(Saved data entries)
____
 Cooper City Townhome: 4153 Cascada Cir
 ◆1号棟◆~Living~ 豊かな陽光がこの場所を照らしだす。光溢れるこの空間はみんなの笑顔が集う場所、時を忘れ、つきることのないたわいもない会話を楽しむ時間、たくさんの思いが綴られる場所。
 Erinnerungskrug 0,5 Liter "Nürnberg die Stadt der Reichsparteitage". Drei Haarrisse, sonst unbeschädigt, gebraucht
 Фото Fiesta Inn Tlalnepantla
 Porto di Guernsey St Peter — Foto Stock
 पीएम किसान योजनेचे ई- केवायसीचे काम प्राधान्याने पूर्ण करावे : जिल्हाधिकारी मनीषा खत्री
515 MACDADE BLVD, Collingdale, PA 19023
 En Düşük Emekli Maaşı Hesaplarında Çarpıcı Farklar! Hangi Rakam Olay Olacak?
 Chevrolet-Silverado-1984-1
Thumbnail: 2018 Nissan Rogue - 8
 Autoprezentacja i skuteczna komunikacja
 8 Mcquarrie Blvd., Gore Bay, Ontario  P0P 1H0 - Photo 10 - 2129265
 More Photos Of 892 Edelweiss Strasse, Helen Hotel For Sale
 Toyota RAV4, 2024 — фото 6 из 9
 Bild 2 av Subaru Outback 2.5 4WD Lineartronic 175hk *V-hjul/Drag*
____
# PROMPT
Keeping every line exactly as it is, retype the entries shown above.

# OUTPUT OF THE TASK
 Cooper City Townhome: 4153 Cascada Cir
 ◆1号棟◆~Living~ 豊かな陽光がこの場所を照らしだす。光溢れるこの空間はみんなの笑顔が集う場所、時を忘れ、つきることのないたわいもない会話を楽しむ時間、たくさんの思いが綴られる場所。
 Erinnerungskrug 0,5 Liter "Nürnberg die Stadt der Reichsparteitage". Drei Haarrisse, sonst unbeschädigt, gebraucht
 Фото Fiesta Inn Tlalnepantla
 Porto di Guernsey St Peter — Foto Stock
 पीएम किसान योजनेचे ई- केवायसीचे काम प्राधान्याने पूर्ण करावे : जिल्हाधिकारी मनीषा खत्री
515 MACDADE BLVD, Collingdale, PA 19023
 En Düşük Emekli Maaşı Hesaplarında Çarpıcı Farklar! Hangi Rakam Olay Olacak?
 Chevrolet-Silverado-1984-1
Thumbnail: 2018 Nissan Rogue - 8
 Autoprezentacja i skuteczna komunikacja
 8 Mcquarrie Blvd., Gore Bay, Ontario  P0P 1H0 - Photo 10 - 2129265
 More Photos Of 892 Edelweiss Strasse, Helen Hotel For Sale
 Toyota RAV4, 2024 — фото 6 из 9
 Bild 2 av Subaru Outback 2.5 4WD Lineartronic 175hk *V-hjul/Drag*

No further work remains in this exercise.